Le calme et la tempête en même temps

On est tombé sur le travail de Dan Witz et on s’est fait du bien. On s’est notamment laissé piétinés par ses peintures à l’Huile de la série Mosh Pit.

Dan Witz, c’est un artiste de Chicago qui a fini à Brooklyn, attiré par l’énergie de « the Big Apple ». Il bosse aussi bien dans la rue que sur toile. On lui doit notamment une série de fausses bouches d’aération, derrière lesquels il dessine des prisonniers et qu’il colle contre les murs. C’est Amnesty International qui en avait fait une de ses campagnes de communication en 2013.

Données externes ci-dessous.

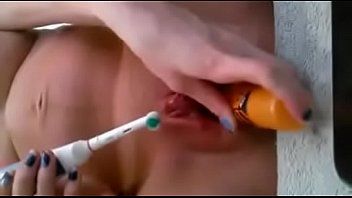 Una ragazza incinta con i fiocchi si masturba da sola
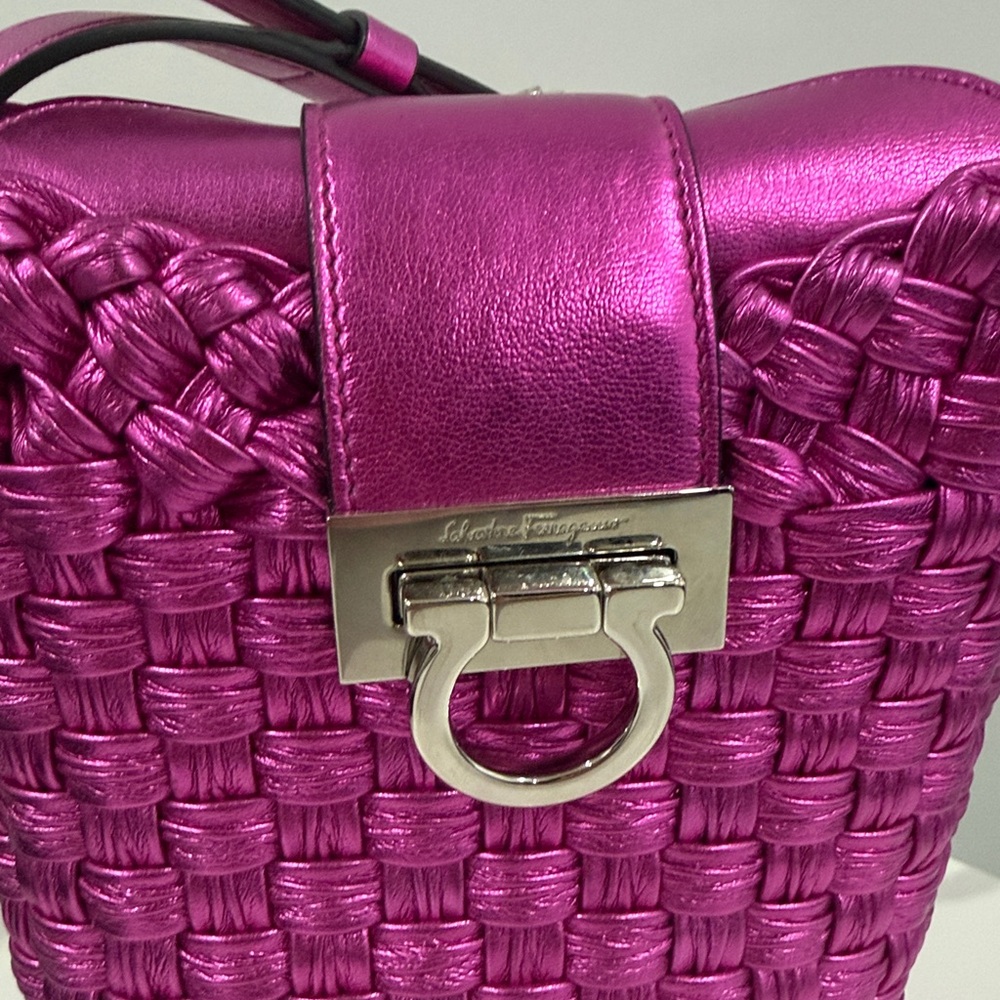 Salvatore Ferragamo Fuchsia Woven Mini Bag - Picture 4 of 5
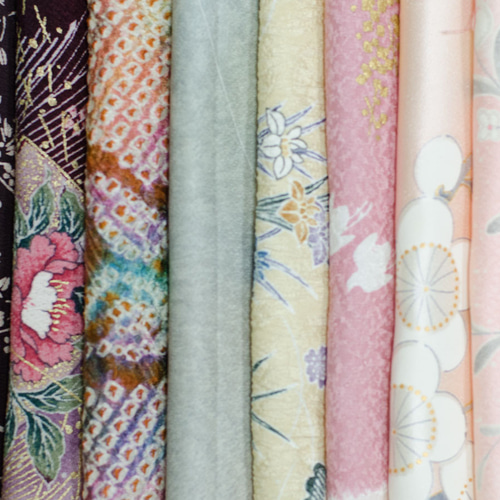 正絹 着物はぎれ10枚セット① 柄生地ミックス 和小物、つまみ細工に
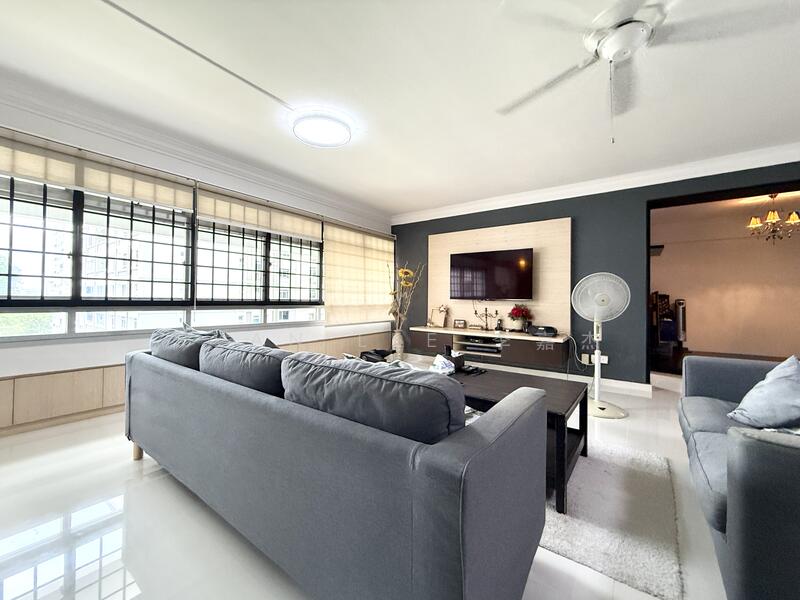 For Sale - 221 Pasir Ris Street 21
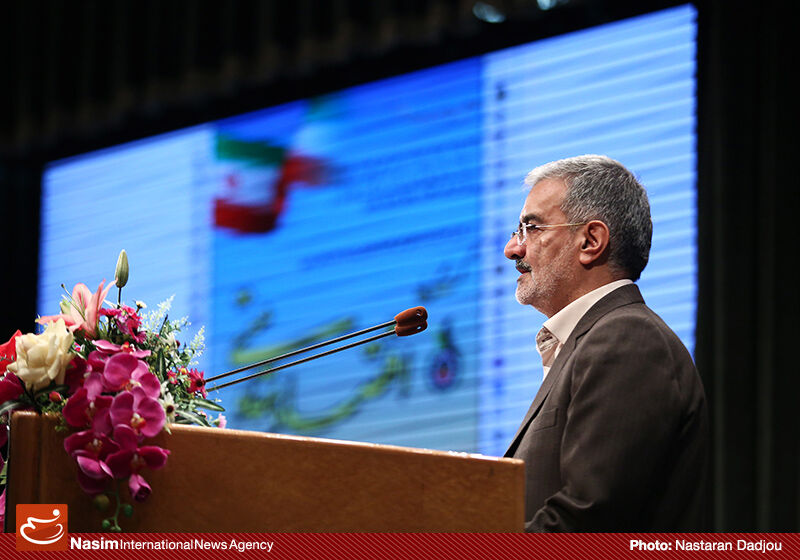 رئیس دانشگاه عالی دفاع ملی: مردمی کردن اقتصاد یکی از راهبردهای ساخت قدرت اقتصادی است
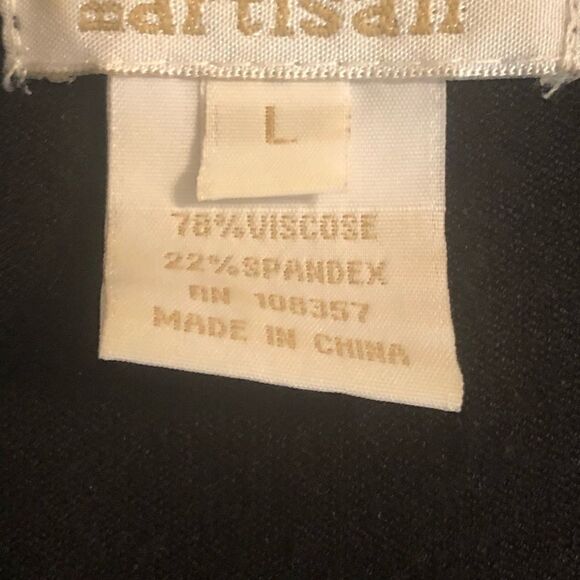 EUC Women’s by artisan tank top - Picture 2 of 4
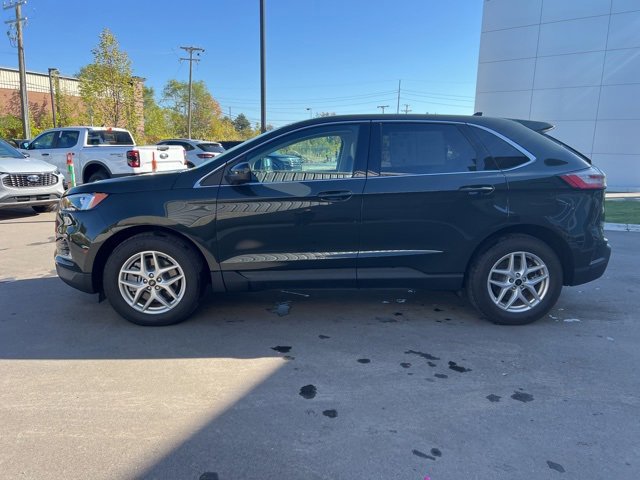 Certified 2023 Ford Edge SEL image 6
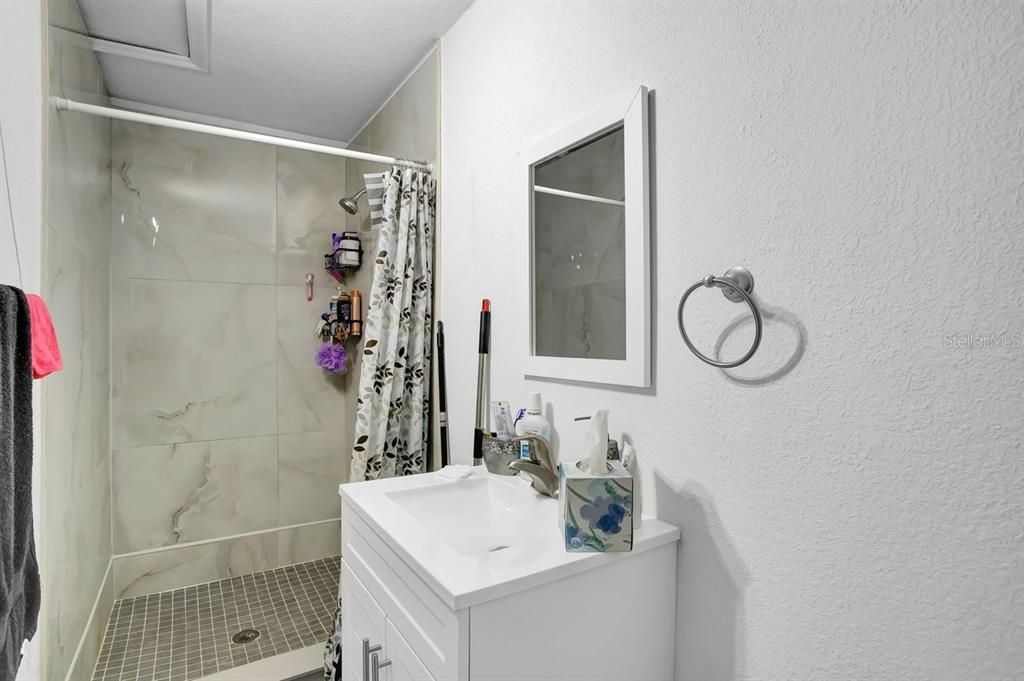 For Sale: $500,000 (5 beds, 5 baths, 1672 Square Feet)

Mais nous c’est sur la série Mosh Pit qu’on est resté coincé.

Il s’agit d’une dizaine de peintures à l’huile réalistes avec lesquelles on est plongé au cœur de pogo en tous genres. Au milieu de vieux punk Skinhead à bretelles ou de métalleux en T-shirts noirs, gros plugs et tatouages, Dan Witz parvient à nous faire ressentir toute l’urgence charnelle de ces Mosh Pit. Ces troupeaux de bœufs en furie.

C’est d’autant plus déroutant que notre artiste ne peint que la foule. Il enlève tout le décorum du concert (plus de lumière, plus de groupe, plus de scène), il se contente d’un fond neutre, éclairé par une lumière diffuse. Et là, cette foule d’énervés devient plus un pugilat gratuit qu’une véritable danse de sauvages.

Enfin, un autre effet intéressant c’est l’évolution de la série vers d’autres espaces que les salles de concert survoltées. Sur les sept derniers tableaux, au lieu d’avoir des émeutes de rockeurs, Dan Witz a peint des versions avec des chiens, des rats, ou même des hommes d’affaire, en pleine course à la gare de Grand Station. Une manière de montrer les corrélations entre les espèces. Hommes enragés, animaux enragés, la rage reste la rage !

Mosh Pit, de l’américain Dan Witz. Une série de peintures à l’huile furieuses et charnelles. Une version « NY Harcord» est actuellement exposée à la galerie Jonathan LeVine (NY).